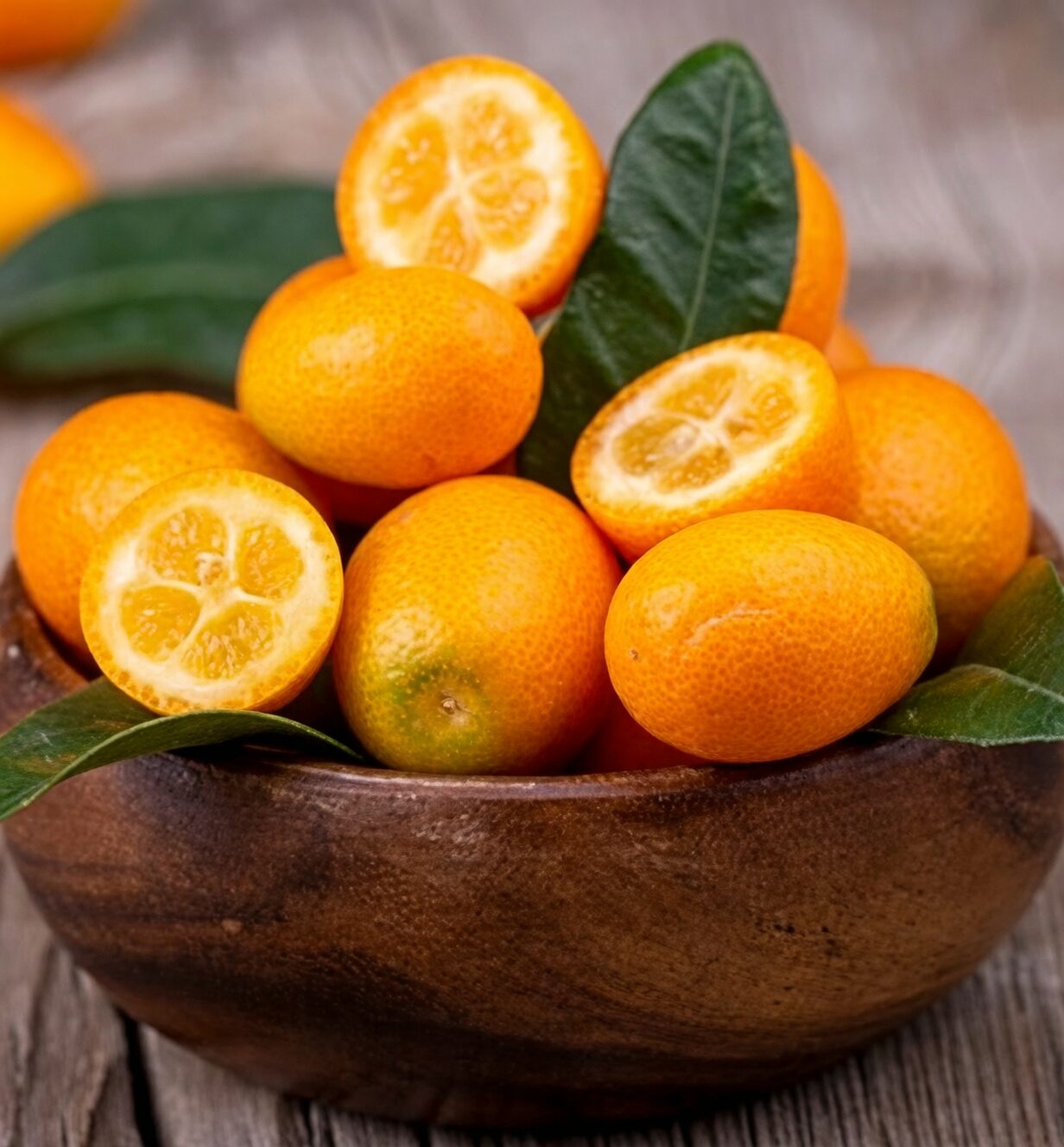 nagami kumquat meiwa fruits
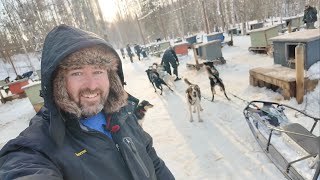 My Incredible Dog Sledding Experience In ALASKA  Mushing Thru The Snow Of Willow  Home Of Iditarod [upl. by Nance]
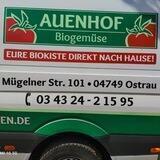 Auenhof Biogemüse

→ Exercise details
Down to the final line, restate the material above word for word, but omit its pictures.

→ Problem solution
 nagami kumquat meiwa fruits
 My Incredible Dog Sledding Experience In ALASKA  Mushing Thru The Snow Of Willow  Home Of Iditarod [upl. by Nance]
 Auenhof Biogemüse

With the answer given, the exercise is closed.